年間260万本生産している大手メーカーです。
なんといってもこの会社の一番のものは、年号の入った「クリスタル・ブリュット」。
自社の特級畑100%のいい年の葡萄のみを用いて造られています。
原料の葡萄はピノ・ノワール種とシャルドネ種がほぼ半々です。
個人的にはヴィンテージが入ってない、SA(Sans Annee、年号が表記されてない)の
「ブリュット・プルミエ」がとても気に入っています。
最低4ヴィンテージ(収穫年)の葡萄酒を用いて、4年もの壜熟成期間をとり出荷しています。
その割には、価格も手ごろで、味わい、香りとも、とてもしっかりしていて、余韻のとても長い葡萄酒です。

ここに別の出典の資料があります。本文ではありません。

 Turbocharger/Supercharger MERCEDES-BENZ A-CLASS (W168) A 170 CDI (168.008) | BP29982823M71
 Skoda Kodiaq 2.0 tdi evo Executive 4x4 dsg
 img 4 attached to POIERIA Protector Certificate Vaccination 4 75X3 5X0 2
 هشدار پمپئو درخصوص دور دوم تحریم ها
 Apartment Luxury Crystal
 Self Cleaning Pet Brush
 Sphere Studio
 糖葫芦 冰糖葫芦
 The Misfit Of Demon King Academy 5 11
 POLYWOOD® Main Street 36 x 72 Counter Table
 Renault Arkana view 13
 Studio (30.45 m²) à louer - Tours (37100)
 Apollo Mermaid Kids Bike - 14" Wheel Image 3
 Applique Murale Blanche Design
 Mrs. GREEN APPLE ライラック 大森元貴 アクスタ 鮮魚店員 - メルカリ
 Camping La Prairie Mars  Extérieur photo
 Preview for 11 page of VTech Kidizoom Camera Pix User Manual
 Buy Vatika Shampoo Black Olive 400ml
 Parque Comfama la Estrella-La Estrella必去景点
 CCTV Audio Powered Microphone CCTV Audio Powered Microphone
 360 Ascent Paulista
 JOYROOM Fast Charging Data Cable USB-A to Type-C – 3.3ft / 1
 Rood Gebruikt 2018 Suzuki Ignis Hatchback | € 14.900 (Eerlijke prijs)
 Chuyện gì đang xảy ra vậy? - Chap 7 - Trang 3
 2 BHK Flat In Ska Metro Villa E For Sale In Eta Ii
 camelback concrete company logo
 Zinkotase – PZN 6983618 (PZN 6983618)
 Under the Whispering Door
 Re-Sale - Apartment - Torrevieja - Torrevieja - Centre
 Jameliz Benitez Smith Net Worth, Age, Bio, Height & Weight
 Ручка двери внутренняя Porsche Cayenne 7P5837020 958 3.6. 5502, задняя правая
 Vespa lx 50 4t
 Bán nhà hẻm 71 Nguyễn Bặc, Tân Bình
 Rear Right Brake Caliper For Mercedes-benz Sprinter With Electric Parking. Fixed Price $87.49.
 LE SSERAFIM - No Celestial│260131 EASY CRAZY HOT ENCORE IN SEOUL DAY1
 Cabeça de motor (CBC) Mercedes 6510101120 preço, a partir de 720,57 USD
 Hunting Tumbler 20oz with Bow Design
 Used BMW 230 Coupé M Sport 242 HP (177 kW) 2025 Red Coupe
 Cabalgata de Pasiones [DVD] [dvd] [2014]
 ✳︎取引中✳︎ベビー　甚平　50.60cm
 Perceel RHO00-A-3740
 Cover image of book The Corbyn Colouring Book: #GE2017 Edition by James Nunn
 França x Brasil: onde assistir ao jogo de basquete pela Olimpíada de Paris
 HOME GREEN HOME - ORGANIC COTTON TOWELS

泡も可憐で、いつまでもグラスから上品に立ち上っています。
そして何よりも「酔い」が素晴らしいです。
ニューヨークのあるレストランで、ウオール街が超活況のとき、
私のテーブルをよそに、この「クリスタル・ブリュット」を
ボーイさんが重々しく運んでいくシーンにお目にかかりました。
以前は「シャンパーニュ」といえば「ドンペリ」でしたが、
映画でもこの「クリスタル」が人気者です。
ただただ、羨望の眼差しで喉から手がでるだけでした。